The idea is to combine the flexibility of drag-and-drop with the stability of AI to create a more versatile solution.

IV. The Future Divide: When to Use Workflows, When to Use Agents?

There’s a consensus in the industry that these tools complement each other rather than replacing one another:

  • Workflows: Ideal for tasks with clear requirements and 100% stability, such as financial reimbursement processes or data synchronization.
  • Agents: Suitable for open-ended tasks that require dynamic decision-making, like complex customer service or market research.
  • Hybrid Architecture: Uses agents for simple issues and workflows for more complex ones, with manual intervention where needed.

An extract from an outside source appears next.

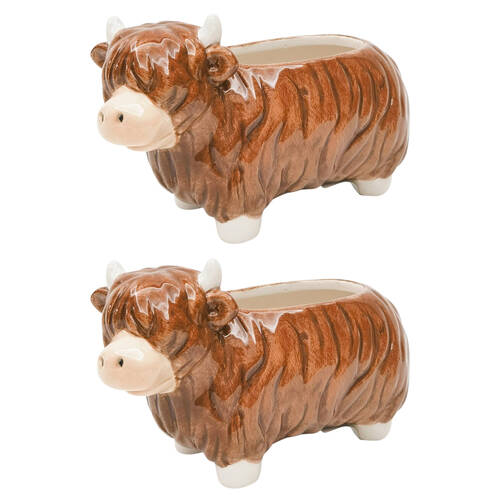 2PK Urban Highland Ceramic Planter Pot Medium 10x17cm White/Black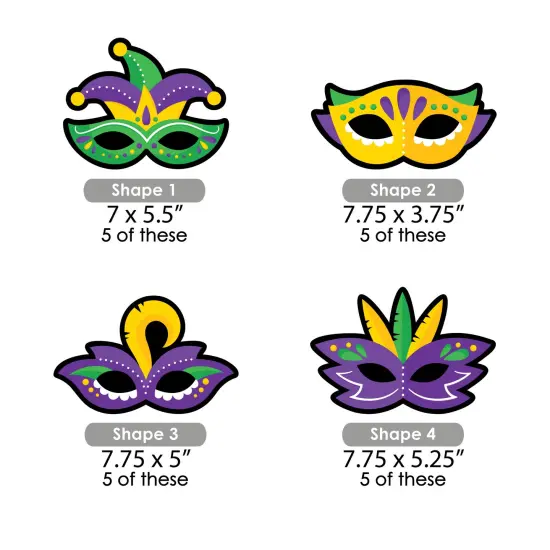 Big Dot of Happiness Colorful Mardi Gras Mask - Decorations DIY Masquerade Party Essentials - Set of 20 {7}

The key is to allocate control appropriately—workflows handle predictable tasks, while agents handle the unpredictable.

V. The Ultimate Competition: Understanding Business Knowledge

Top AI companies (OpenAI, Anthropic) are hiring FDE (Finance and Data Engineers) who understand both technology and business. Why? Because AI models are powerful enough, but the real challenge for businesses is to organize their business knowledge effectively. For example, how to convert customer complaint processes into understandable rules for AI or turn internal documents into usable knowledge bases.

The future of tools lies in their ability to help companies capture and utilize their business expertise. Platforms like Coze or Dify that can integrate industry-specific templates (e.g., e-commerce or manufacturing processes) will have a competitive advantage, as understanding business is crucial.

Conclusion: Coze, Dify, and n8n won’t disappear; they will evolve into tools that combine AI with Workflows. Coding Agents won’t completely replace them either. The winner will be the one that can effectively help businesses apply their knowledge to practical tasks. After all, even the best tools are useless without a deep understanding of business operations.